O Conselho de Direitos Humanos das Nações Unidas aprovou uma resolução para a proteção de jornalistas. O projeto é patrocinado pelo Brasil, que é, atualmente, um dos países mais perigosos para o trabalho da imprensa, segundo ranking da ONG Repórteres sem Fronteiras. De acordo com a ONU, a resolução é complementar a outras já adotadas para preservar o direito à liberdade de expressão.

A resolução apresenta preocupação com o cenário de trabalho do jornalista, além de pedir para que os Estados criem sistemas de alerta e resposta para que os jornalistas, quando ameaçados, possam acessar imediatamente as autoridades e se proteger. O Conselho de Direitos Humanos da ONU afirma que é preciso implementar leis mais efetivas para a proteção do profissional de imprensa.

“O conselho enfatiza ainda que, na era digital, a criptografia se tornou uma ferramenta vital para que muitos jornalistas trabalhem livremente e exerçam seus direitos humanos, particularmente liberdade de expressão e privacidade, incluindo confidencialidade das fontes. A resolução pede que os Estados não interfiram no uso de tais tecnologias”, escreveu o site das Nações Unidas.
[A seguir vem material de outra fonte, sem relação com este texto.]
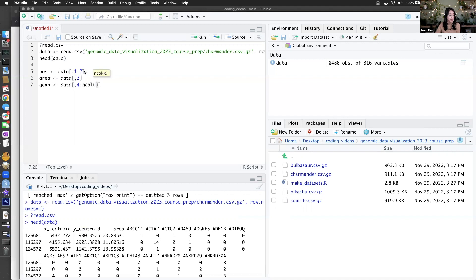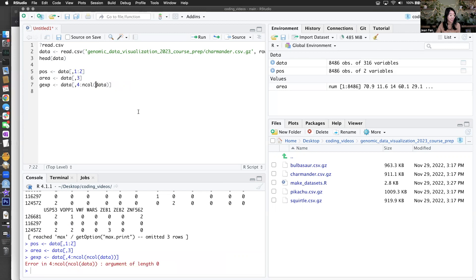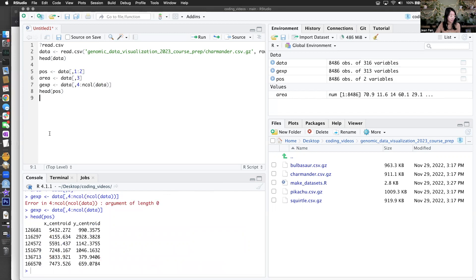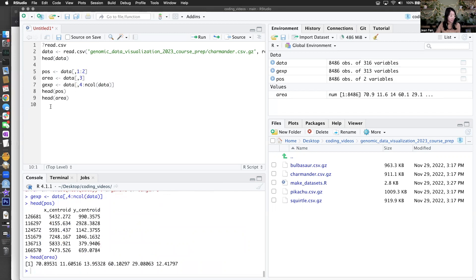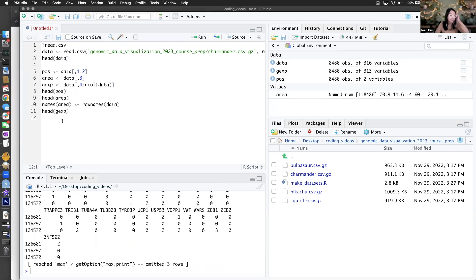The first two columns are our position data, then area of the cells, and then genes, which will go from column four to whatever number of columns that we have. Let me double check — we have our area, and I want to make sure our area keeps the names, and gene expression. Okay, that looks good. So we've read in our data.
O projeto da ONU convida os Estados-membros e agências a se juntarem à proposta a fim de cooperar com a implementação do plano de ação das Nações Unidas para a segurança dos jornalistas encorajando os atores a compartilhar informação voluntariamente sobre investigações de ataques contra jornalistas.

A resolução completa pode ser lida em inglês neste link.

Violência no Brasil
Na última semana, a organização Repórteres Sem Fronteiras (Reporters Sans Frontieres – RSF) mapeou 47 mortes de jornalistas no mundo, sendo quatro profissionais assassinados somente no Brasil. O número coloca o país empatado com o Iraque, enquanto o México (12 mortes) lidera o ranking.

O levantamento do RSF avalia a situação dos países ao levar em consideração a violência contra os jornalistas, a independência da mídia, o meio ambiente e a autocensura, o enquadramento legal, a transparência, a infraestrutura e a extorsão. Para a organização, a ausência de mecanismos de proteção nacional para jornalistas em perigo, somada à corrupção desenfreada no Brasil, tornam a tarefa dos profissionais ainda mais difícil. “O panorama da mídia continua altamente concentrado, especialmente em torno de grandes famílias industriais, muitas vezes perto da classe política”, avalia o RSF.

Desde 2012, o Brasil soma, pelo menos, 22 jornalistas assassinados por razões diretamente relacionadas com o seu trabalho. Na maioria dos casos registrados pela RSF, os jornalistas, radialistas, blogueiros e outros profissionais da mídia que foram assassinados trabalhavam cobrindo e investigando temas relacionados à corrupção, à ordem pública e ao crime organizado, em especial nas pequenas e médias cidades do país.